● **Exercise details**
Below is a listing. Return the lines from the one that contains "decalmile Jungle Animals" to the one that contains "<span class=keywords><strong>Bac</strong></span> à", both ends included, verbatim and with no pictures.

● **Provided information**
+++

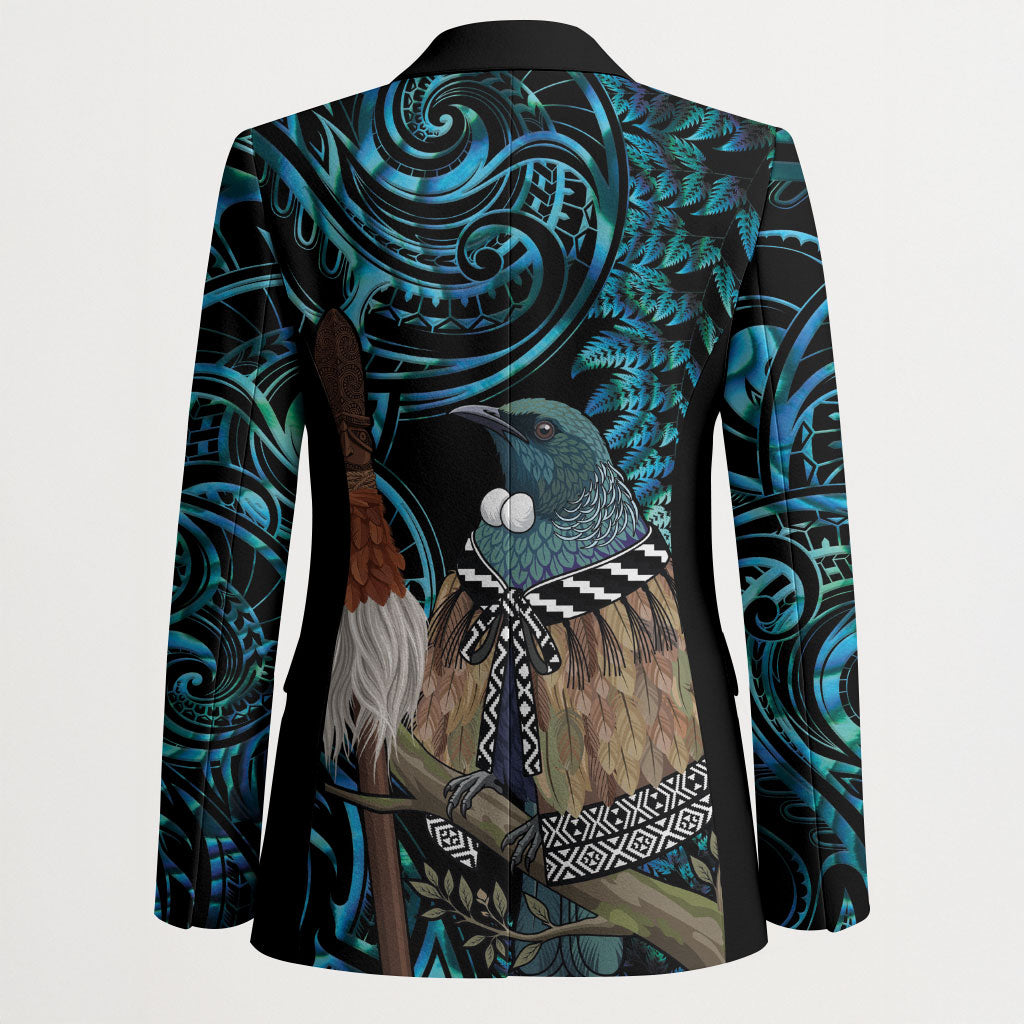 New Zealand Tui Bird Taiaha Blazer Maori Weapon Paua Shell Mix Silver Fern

+++

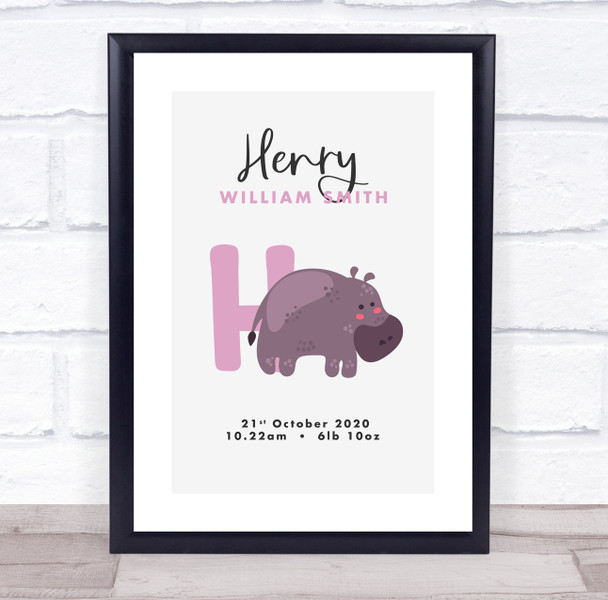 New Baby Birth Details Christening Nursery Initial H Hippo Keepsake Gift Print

+++

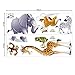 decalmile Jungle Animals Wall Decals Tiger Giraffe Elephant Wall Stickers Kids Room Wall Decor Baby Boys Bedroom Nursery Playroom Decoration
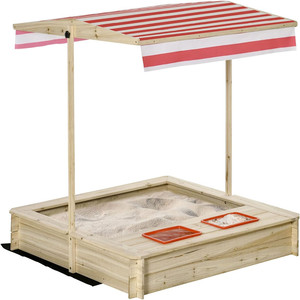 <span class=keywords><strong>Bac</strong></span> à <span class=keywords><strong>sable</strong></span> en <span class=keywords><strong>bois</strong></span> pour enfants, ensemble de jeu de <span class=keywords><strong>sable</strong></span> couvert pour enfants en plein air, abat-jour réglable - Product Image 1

+++

● **Response**
 decalmile Jungle Animals Wall Decals Tiger Giraffe Elephant Wall Stickers Kids Room Wall Decor Baby Boys Bedroom Nursery Playroom Decoration
 <span class=keywords><strong>Bac</strong></span> à <span class=keywords><strong>sable</strong></span> en <span class=keywords><strong>bois</strong></span> pour enfants, ensemble de jeu de <span class=keywords><strong>sable</strong></span> couvert pour enfants en plein air, abat-jour réglable - Product Image 1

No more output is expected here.